Ainsi, le décor de Katrin Lea Tag n’admet pas l’accessoire. Ou si peu : durant la première partie, un canapé, à l’extrémité duquel trône une statue du demi-dieu éponyme, le menton appuyé sur la paume, remplacée, après l’entracte, par son effigie en pied, main posée sur une massue. Un espace vide, en somme, dans lequel Barrie Kosky inscrit une direction d’acteurs d’une saisissante acuité psychologique.

Car ce n’est plus de mythologie dont il s’agit. Le marbre faussement antique qui fige un Hercules décidément unidimensionnel, et surtout absolument étranger à ce qu’il lui arrive – mari fidèle, sans la moindre concupiscence envers Iole, seule survivante du massacre de son peuple, dès lors rien moins qu’une captive –, vole en éclats, avec les brusques changements d’états de Dejanira.

Attisé par le livret que Thomas Broughton a tiré des Métamorphoses d’Ovide et des Trachiniennes de Sophocle, le génie de Haendel sculpte avec elle, en repoussant les limites de la forme, tant de l’air que du récitatif accompagné, une figure de l’excès – assurément shakespearienne. Du désespoir, dans l’attente endeuillée de l’époux, à la joie, qui la saisit à l’annonce de son arrivée prochaine. Et, bien sûr, à cette jalousie, comme née de rien, et fatale au héros, qui la plonge dans la folie de « Where shall I fly ? ».

Paula Murrihy s’y révèle d’emblée immense, instrument à la fois contrôlé – quel relief dynamique, et quelle agilité ! – et d’une expressivité poussée à l’extrême, sans jamais perdre ni son assise, ni ses couleurs. Mais si la mezzo irlandaise domine le plateau, elle ne l’écrase pas – est-ce là l’effet Barrie Kosky, qui donne à chaque personnage une consistance de chair et de sang ?

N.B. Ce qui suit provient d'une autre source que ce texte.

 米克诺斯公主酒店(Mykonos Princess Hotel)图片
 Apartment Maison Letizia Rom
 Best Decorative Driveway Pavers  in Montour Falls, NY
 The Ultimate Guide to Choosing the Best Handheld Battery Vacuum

À commencer par Iole, la rivale supposée, qui bouleverse dès « My father ! », puis, surtout, « Peaceful rest, dear parent shade », portée par le timbre corsé d’Elena Villalon. Membre de la troupe de l’Opéra de Francfort (Oper Frankfurt), comme le sont d’ailleurs ses autres partenaires – et ainsi que l’était, jusqu’en 2017, Paula Murrihy –, la jeune soprano dessine, avec une souplesse idoine, un portrait de femme forte, tout aussi prégnant.

Pour faire ressortir les faiblesses des hommes, peut-être – d’autant que la mise en scène appuie ce contraste, confiant Lichas, habituellement dévolu à un contre-ténor, à la mezzo Kelsey Lauritano, dotée d’une présence qui capte l’œil autant que l’oreille. Hyllus se débat ainsi dans l’ombre de son père, et de la renommée de ses exploits – même, et peut-être encore plus, quand celui-ci est absent –, ce que les raideurs du ténor, à la fois sombre et juvénile, de Michael Porter reflètent assez justement.

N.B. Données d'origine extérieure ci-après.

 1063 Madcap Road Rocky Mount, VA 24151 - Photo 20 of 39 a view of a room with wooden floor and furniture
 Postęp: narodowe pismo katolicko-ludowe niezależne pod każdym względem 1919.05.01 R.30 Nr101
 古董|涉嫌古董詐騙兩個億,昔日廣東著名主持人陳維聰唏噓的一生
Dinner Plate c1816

Il arrive que l’Hercules d’Anthony Robin Schneider – une sorte de croisement entre Bryn Terfel et Pene Pati – laisse paraître, en dépit du maquillage, grâce auquel sa barbe et sa longue chevelure grisonnent, qu’il n’a que 30 ans. Rien qui ne l’empêche, cependant, de plier une basse déjà bien au-delà des simples promesses d’un format imposant, à la colorature par laquelle Haendel transforme en halètements les ultimes rugissements du lion à terre.

Dès lors que Barrie Kosky fait bouger les chœurs comme personne – c’est une vague qui, dans le pétrifiant « Jealousy ! », déferle sur Dejanira –, celui de Francfort se montre aussi foudroyant d’engagement physique que de discipline vocale. À l’unisson de l’orchestre maison, dont la plupart des membres jouent ce répertoire, qu’ils fréquentent régulièrement, sur instruments d’époque, dûment accordés à 415 Hz.

Voilà assurément un modèle à suivre, d’autant que la pratique « historiquement informée » est parvenue à ce point de son évolution, où une formation spécialisée n’est plus la condition nécessaire, et encore moins suffisante, à la pertinence stylistique d’une représentation d’opéra baroque, pas plus que ses sonorités supposément incisives n’en accroissent l’élan dramatique – The English Concert ne vient-il pas d’en donner le triste exemple dans Ariodante, auPalais Garnier, sous la conduite soporifique d’Harry Bicket (voir O. M. n° 193 p. 65 de juin 2023) ?

Experte, mais pas docte, ni dogmatique, la direction de Laurence Cummings, autre chef britannique, confère à chaque numéro sa juste animation, en même temps qu’elle approfondit l’architecture d’ensemble, parachevant la cohérence d’une production qui incite à s’interroger sur la rareté, à la scène, de ce chef-d’œuvre du théâtre haendélien.